** Opening DATA SHOWN block **

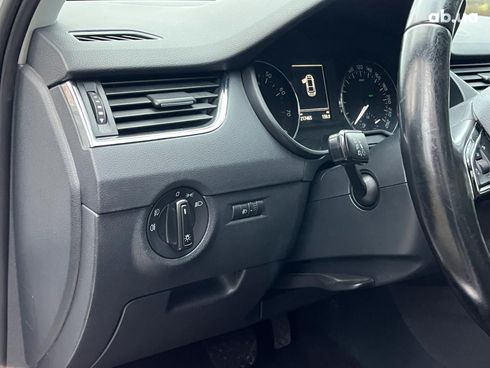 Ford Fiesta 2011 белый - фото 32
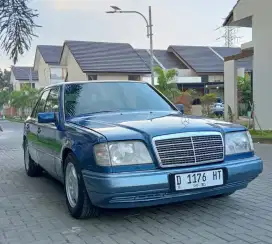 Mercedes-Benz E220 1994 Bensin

** Closing DATA SHOWN block **
** Opening DATA SHOWN block **

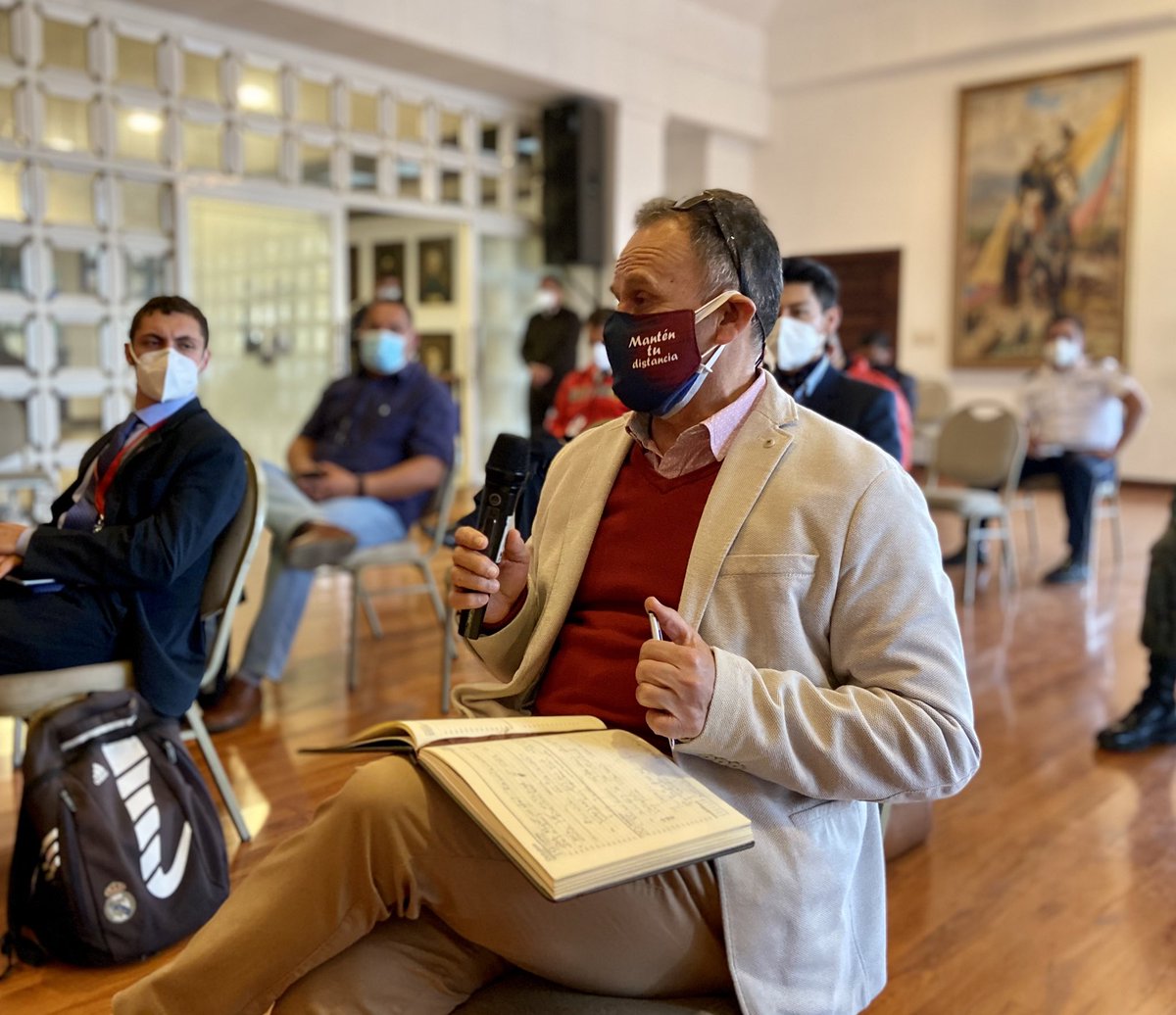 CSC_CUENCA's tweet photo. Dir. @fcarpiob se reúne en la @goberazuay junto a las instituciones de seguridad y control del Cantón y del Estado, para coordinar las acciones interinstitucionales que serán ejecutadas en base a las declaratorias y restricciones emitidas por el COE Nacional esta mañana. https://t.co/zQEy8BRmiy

** Closing DATA SHOWN block **
** Opening DATA SHOWN block **

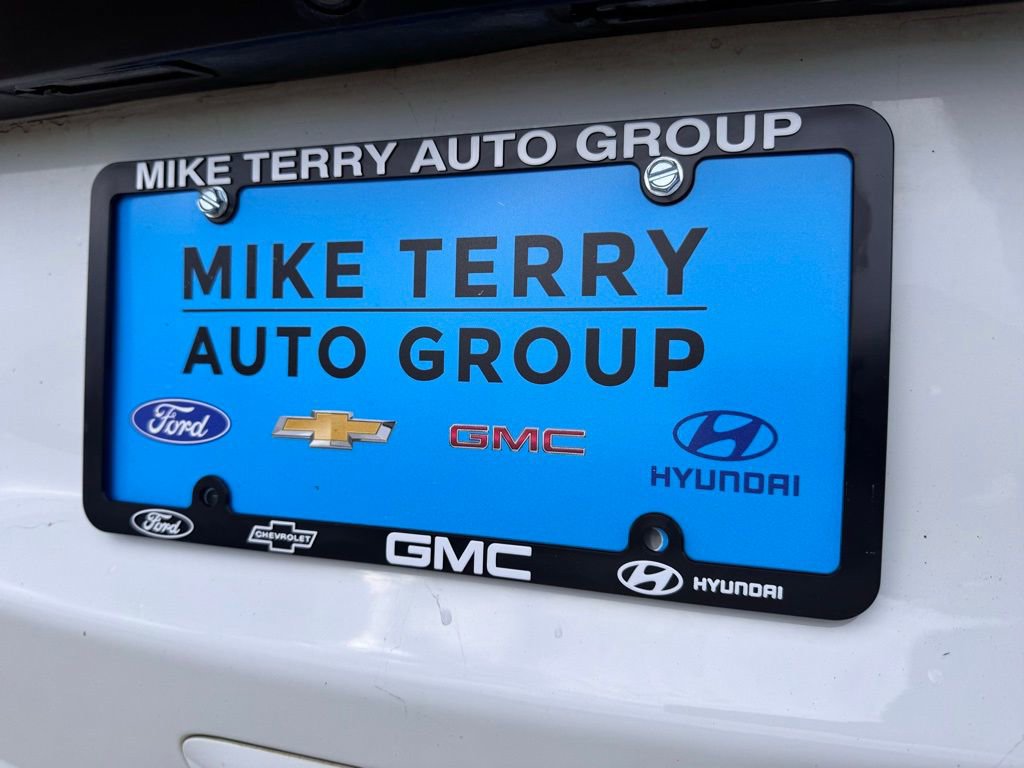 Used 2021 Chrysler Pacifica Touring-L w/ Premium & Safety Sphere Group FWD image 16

** Closing DATA SHOWN block **

In the listing above, find the line with "Ford Fiesta 2011 белый - фото 32" and the line with "Mercedes-Benz E220 1994 Bensin". Copy both of them and every line between, exactly, but not the pictures.

 Ford Fiesta 2011 белый - фото 32
 Mercedes-Benz E220 1994 Bensin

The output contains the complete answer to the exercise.